We offer assignment-based, tailored instructional services to help students achieve your goals. And we can provide active support right up until the due date. What can we do to support the objectives you have embedded in your research assignments?
Students' Experience with Technology
Students are great consumers of technology: Smart Phones, Instant Messaging, DVD's, and the Web. Their ability to be critical users of information, however, is less developed. These students are not unlike the sixteen-year-old who has learned the mechanics of driving a car, but is only beginning to develop good judgment behind the wheel. This judgment only comes with experience. Students' comfort with technology is often greater than their ability to select reliable and useful information, incorporate that information into their knowledge base, and effectively use it to accomplish a specific purpose.
Progressive Performance Levels
The abilities to effectively find, evaluate, and utilize information define a set of skills called "information literacy." Students' information literacy skills develop throughout their time at Marquette in an incremental manner. The steps toward mastery can be viewed as progressive performance levels: beginning, intermediate, and advanced levels. Students' ability to conduct research as freshmen is different from the ability of a senior, which is different again from that of a graduate student.
In order for students' skills to advance to higher levels, it is important to provide guidance and support over the course of their time at Marquette. Showing them the ropes one time as freshmen does not normally provide the level of support needed for the developmental process to occur. It is helpful when students receive subsequent instruction, at appropriate points along the path, on how to handle more complex research tasks than those which have previously been required of them. This subsequent instruction has been referred to as "scaffolding," where faculty and librarians provide continuously higher levels of support as the students move up to more difficult critical thinking tasks. When students are required to engage in a new and more complex research activity, a new layer of support is placed on top of the previous layers, in a "construction site" scaffolding manner. This process is not unlike the support provided to children as they acquire language skills. Adults explain the more complex language rules over time--a period of years, as children become more advanced and utilize progressively complex rules at subsequent stages in their development.
As students move to higher levels of ability, they develop a confidence in their ability to conduct general research. At this point, a second challenge is to help students successfully navigate through information in different fields, understanding the unique contexts and processes used to create and disseminate information in each field. This learning process occurs through normal classroom activities in a particular field of study, as well as through active research assignments with which librarians can assist.
The Anatomy of Information Literacy: Five Skills
Information literacy consists of five skills, as defined by the Association of College & Research Libraries (ACRL), a division of the American Library Association.
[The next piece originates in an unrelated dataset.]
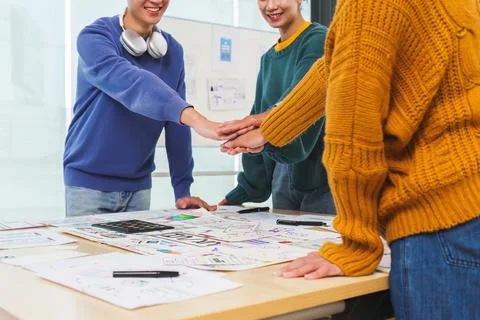 Close up ux developer and ui designer brainstorming interface wireframe design 스톡 사진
The skills are intended to apply to any information seeking situation, whether it's deciding where to get a bank loan or completing a course assignment. Sample components for each of the five skills are found below. The complete list of skills can be found on the ACRL web site at "Framework for Information Literacy."
How well do your students perform the following skills?
Ability to determine the nature and extent of the information needed.
- Define and articulate the need for information.
- Identify a variety of types and formats of potential sources of information.
- Consider the cost and benefit of acquiring the needed information.